───── Entries shown

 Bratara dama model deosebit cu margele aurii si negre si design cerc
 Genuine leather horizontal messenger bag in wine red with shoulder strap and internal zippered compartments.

──────────
───── Entries shown

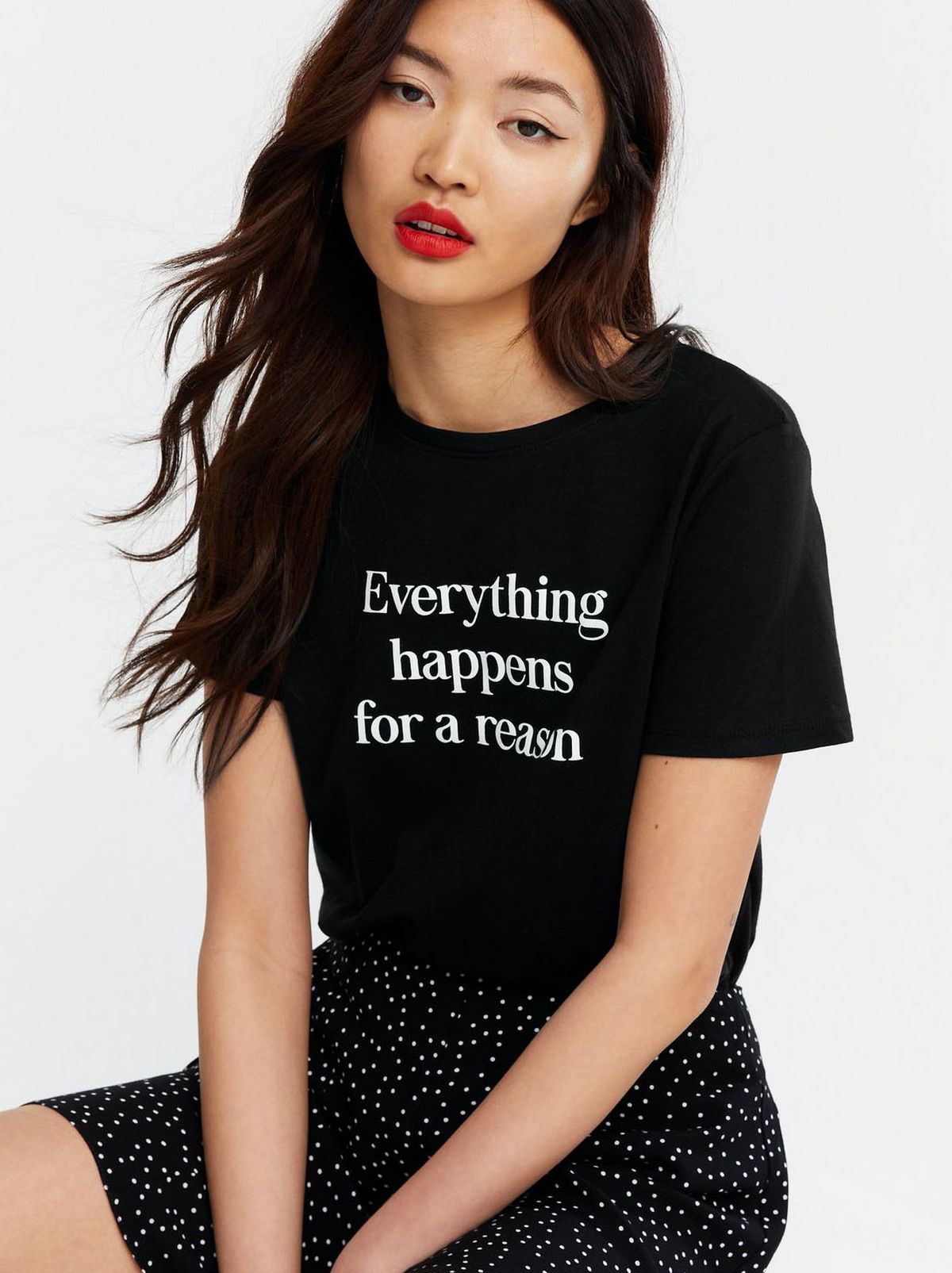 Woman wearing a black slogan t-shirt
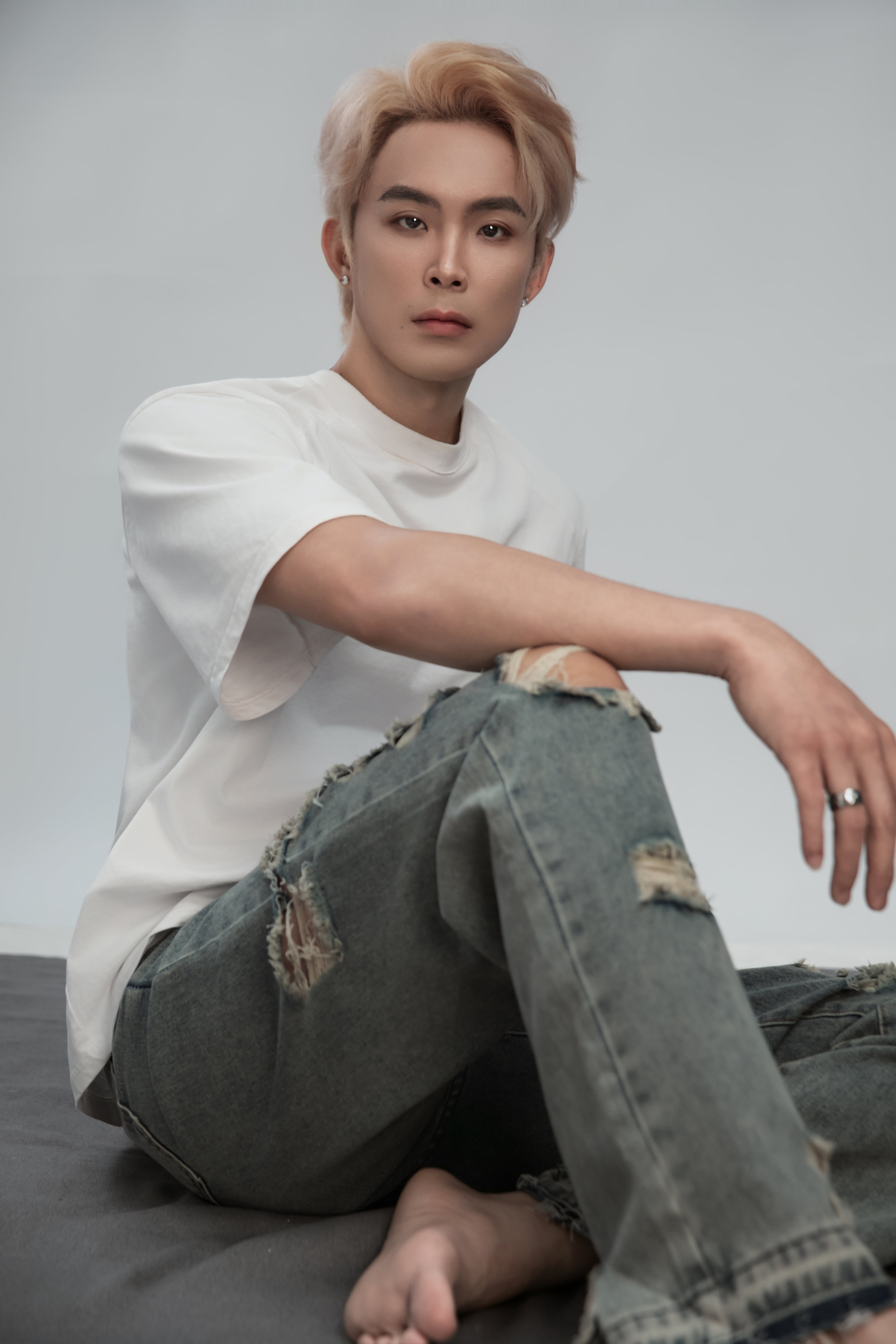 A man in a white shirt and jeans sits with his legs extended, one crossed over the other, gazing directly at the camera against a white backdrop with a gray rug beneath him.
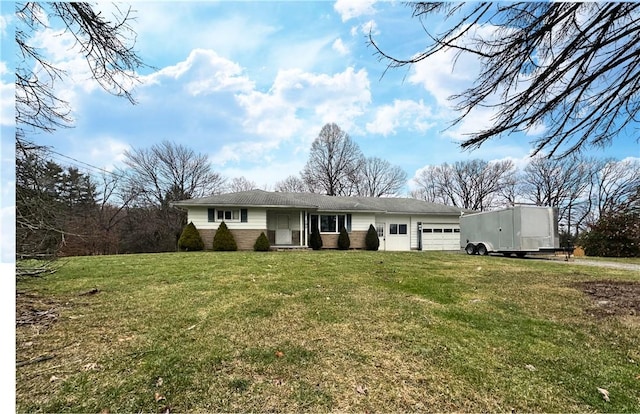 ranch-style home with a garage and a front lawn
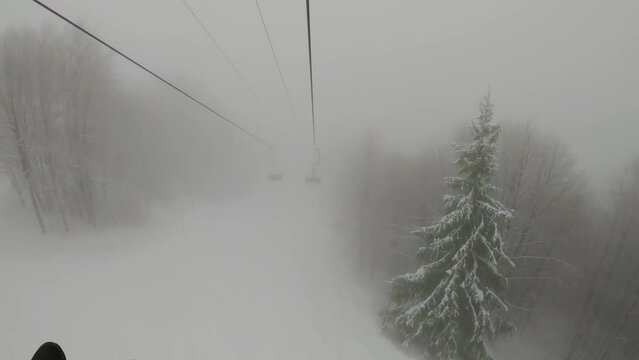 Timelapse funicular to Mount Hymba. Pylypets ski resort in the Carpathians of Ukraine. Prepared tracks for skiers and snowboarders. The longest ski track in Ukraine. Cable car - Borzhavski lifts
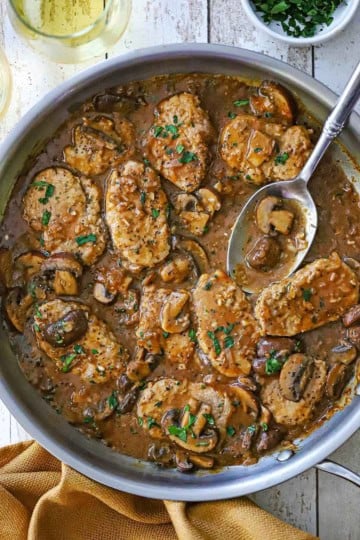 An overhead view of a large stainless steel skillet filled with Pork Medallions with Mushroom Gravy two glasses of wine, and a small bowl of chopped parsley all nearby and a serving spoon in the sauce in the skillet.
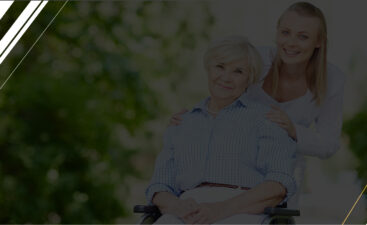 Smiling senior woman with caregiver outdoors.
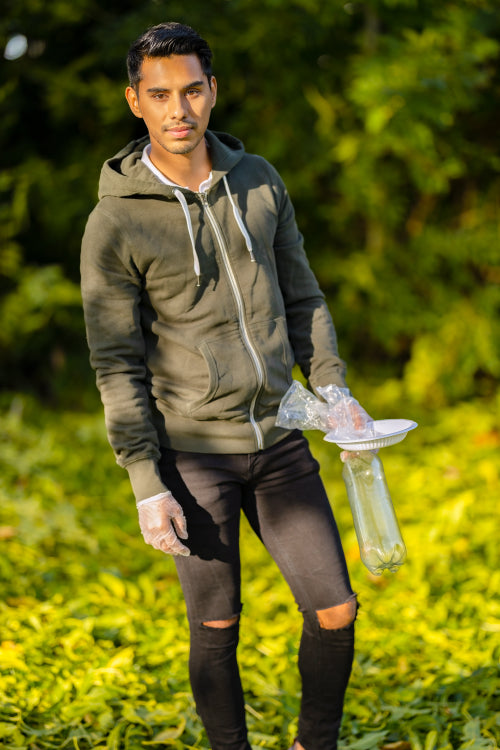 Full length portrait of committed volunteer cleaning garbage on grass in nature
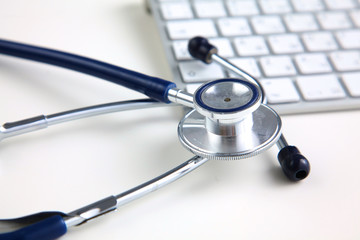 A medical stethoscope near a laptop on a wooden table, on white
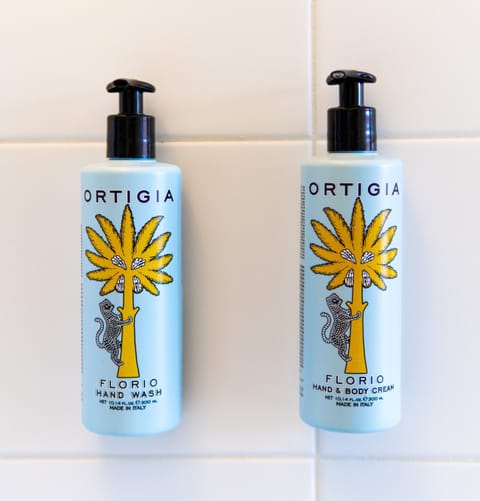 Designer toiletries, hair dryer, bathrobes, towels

──────────

__Description of the task__. What should come back is an exact copy of the lines above from the line with "Smiling senior woman" to the line with "Designer toiletries, hair", both included, minus the pictures.

__Response to this task__.
 Smiling senior woman with caregiver outdoors.
 Full length portrait of committed volunteer cleaning garbage on grass in nature
 A medical stethoscope near a laptop on a wooden table, on white
 Designer toiletries, hair dryer, bathrobes, towels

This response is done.